Begin at the line with "Close-up, low-angle, forward" and set down each line exactly until the listing ends. Images stay out.

§ MATERIAL PROVIDED:
Content starts

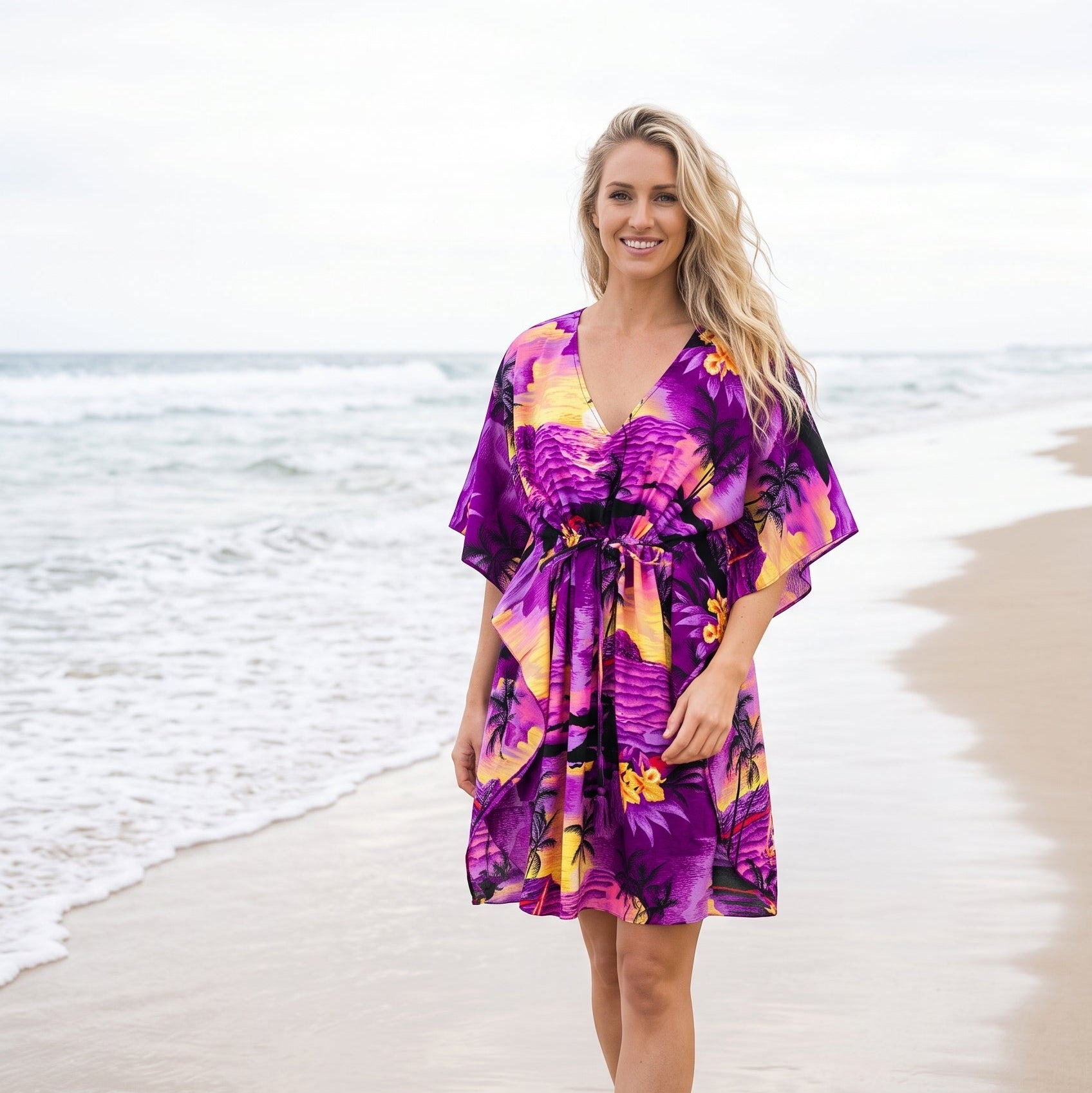 A woman stands barefoot on a sandy beach wearing a short, loose-fitting purple tropical print dress with yellow, orange, and black floral motifs.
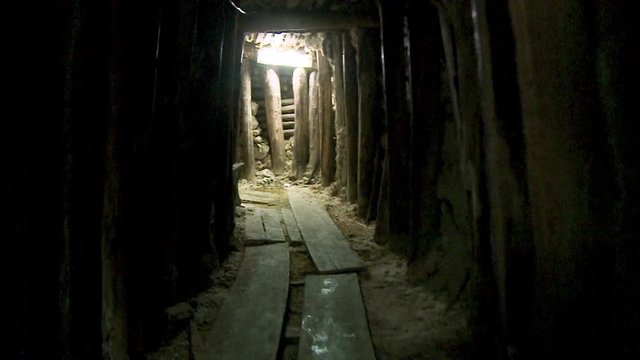 Close-up, low-angle, forward tracking dolly shot of the historic museum mine tunnel supported by thick planks of timber. Overhead ensures vicinity with large flat horizontal floor timber, and
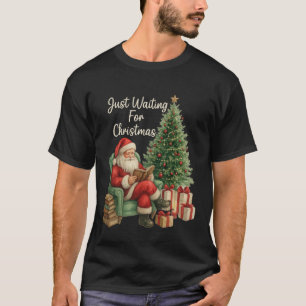Camiseta Apenas Esperando pelo Papai Noel do Natal Lendo Li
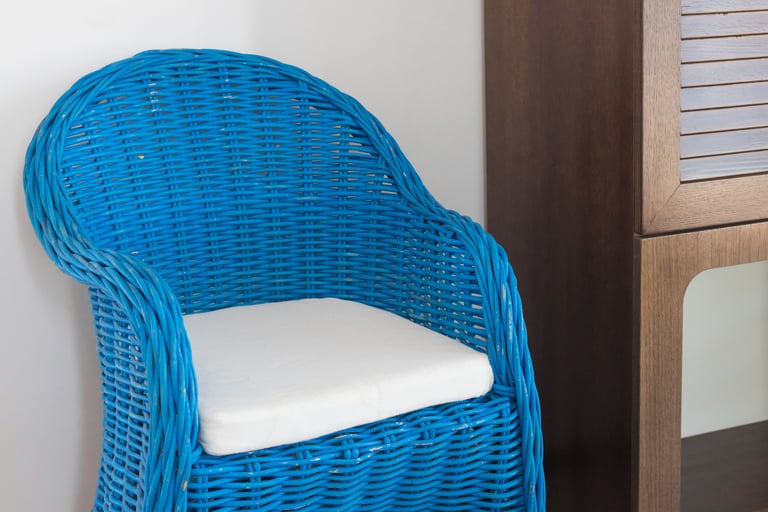 a wicker chair with a blue chair and a cabinet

Content ends

§ OUTPUT FOR THIS EXERCISE:
 Close-up, low-angle, forward tracking dolly shot of the historic museum mine tunnel supported by thick planks of timber. Overhead ensures vicinity with large flat horizontal floor timber, and
Camiseta Apenas Esperando pelo Papai Noel do Natal Lendo Li
 a wicker chair with a blue chair and a cabinet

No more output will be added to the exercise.